■ THE TASK
Tally the lines in the listing below that hold the string "White", and reply with that tally alone.

■ INPUT FOR THIS TASK
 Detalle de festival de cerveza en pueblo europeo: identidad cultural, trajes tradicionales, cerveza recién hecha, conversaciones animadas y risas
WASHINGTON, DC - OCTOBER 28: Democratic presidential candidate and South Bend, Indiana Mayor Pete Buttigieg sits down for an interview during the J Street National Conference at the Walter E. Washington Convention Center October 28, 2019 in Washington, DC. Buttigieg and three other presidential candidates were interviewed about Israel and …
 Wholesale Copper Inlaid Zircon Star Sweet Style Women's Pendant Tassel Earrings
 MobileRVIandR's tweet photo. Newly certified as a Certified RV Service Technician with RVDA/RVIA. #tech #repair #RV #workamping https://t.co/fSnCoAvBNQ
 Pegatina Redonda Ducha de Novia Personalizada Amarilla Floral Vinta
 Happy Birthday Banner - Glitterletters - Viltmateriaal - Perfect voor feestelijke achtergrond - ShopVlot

...

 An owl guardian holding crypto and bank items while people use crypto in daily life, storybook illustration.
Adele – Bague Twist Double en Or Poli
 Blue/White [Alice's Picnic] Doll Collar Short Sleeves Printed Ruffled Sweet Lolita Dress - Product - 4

---

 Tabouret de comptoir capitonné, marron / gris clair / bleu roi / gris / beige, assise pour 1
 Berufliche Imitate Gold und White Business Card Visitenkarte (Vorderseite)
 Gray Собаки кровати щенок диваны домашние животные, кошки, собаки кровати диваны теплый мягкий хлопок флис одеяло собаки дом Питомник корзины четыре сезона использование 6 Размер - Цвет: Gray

■ EXERCISE ANSWER
2